------ Dataset records ------

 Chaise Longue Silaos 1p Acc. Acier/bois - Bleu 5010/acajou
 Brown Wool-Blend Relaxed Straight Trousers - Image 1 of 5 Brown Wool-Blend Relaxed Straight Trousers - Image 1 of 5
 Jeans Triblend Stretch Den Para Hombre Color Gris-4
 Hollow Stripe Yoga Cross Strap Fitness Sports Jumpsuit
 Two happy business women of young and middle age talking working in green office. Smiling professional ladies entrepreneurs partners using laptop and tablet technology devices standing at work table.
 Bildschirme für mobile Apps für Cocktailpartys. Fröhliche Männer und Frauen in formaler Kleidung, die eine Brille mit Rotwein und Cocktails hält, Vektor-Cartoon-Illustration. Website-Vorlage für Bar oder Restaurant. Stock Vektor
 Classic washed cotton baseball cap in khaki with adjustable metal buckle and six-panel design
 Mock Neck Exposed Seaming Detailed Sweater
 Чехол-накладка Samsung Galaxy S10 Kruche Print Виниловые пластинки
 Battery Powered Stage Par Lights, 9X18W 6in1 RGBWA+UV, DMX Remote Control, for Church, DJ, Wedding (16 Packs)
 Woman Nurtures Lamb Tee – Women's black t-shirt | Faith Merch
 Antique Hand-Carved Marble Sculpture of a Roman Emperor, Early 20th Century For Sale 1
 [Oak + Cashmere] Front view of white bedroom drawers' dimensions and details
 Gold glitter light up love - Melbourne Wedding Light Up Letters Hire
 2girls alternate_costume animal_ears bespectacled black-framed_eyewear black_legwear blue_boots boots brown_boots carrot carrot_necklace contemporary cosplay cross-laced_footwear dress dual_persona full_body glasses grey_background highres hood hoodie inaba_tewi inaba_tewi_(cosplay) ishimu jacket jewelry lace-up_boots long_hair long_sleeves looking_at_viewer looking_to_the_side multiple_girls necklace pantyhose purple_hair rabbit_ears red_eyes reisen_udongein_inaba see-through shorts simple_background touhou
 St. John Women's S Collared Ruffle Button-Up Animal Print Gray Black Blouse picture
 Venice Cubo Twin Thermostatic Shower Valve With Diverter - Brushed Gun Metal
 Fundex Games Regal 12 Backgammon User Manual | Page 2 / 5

------

### [Activity]
From the entries, report every line in which the string "Wedding" occurs.

### [Answer to this task]
 Battery Powered Stage Par Lights, 9X18W 6in1 RGBWA+UV, DMX Remote Control, for Church, DJ, Wedding (16 Packs)
 Gold glitter light up love - Melbourne Wedding Light Up Letters Hire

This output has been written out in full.